Entries taken from a collection:
━━━━━━━━━━
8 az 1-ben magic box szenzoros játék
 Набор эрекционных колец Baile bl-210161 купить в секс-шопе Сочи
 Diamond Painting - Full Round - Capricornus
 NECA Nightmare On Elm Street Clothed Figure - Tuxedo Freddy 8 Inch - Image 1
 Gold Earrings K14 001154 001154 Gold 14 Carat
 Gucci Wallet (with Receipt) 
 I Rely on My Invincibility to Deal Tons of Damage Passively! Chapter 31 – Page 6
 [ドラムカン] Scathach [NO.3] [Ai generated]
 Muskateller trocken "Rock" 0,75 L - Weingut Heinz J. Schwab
━━━━━━━━━━
▶ **Problem statement**
Line by line, reproduce the records above exactly.

▶ **Result of the task**
8 az 1-ben magic box szenzoros játék
 Набор эрекционных колец Baile bl-210161 купить в секс-шопе Сочи
 Diamond Painting - Full Round - Capricornus
 NECA Nightmare On Elm Street Clothed Figure - Tuxedo Freddy 8 Inch - Image 1
 Gold Earrings K14 001154 001154 Gold 14 Carat
 Gucci Wallet (with Receipt) 
 I Rely on My Invincibility to Deal Tons of Damage Passively! Chapter 31 – Page 6
 [ドラムカン] Scathach [NO.3] [Ai generated]
 Muskateller trocken "Rock" 0,75 L - Weingut Heinz J. Schwab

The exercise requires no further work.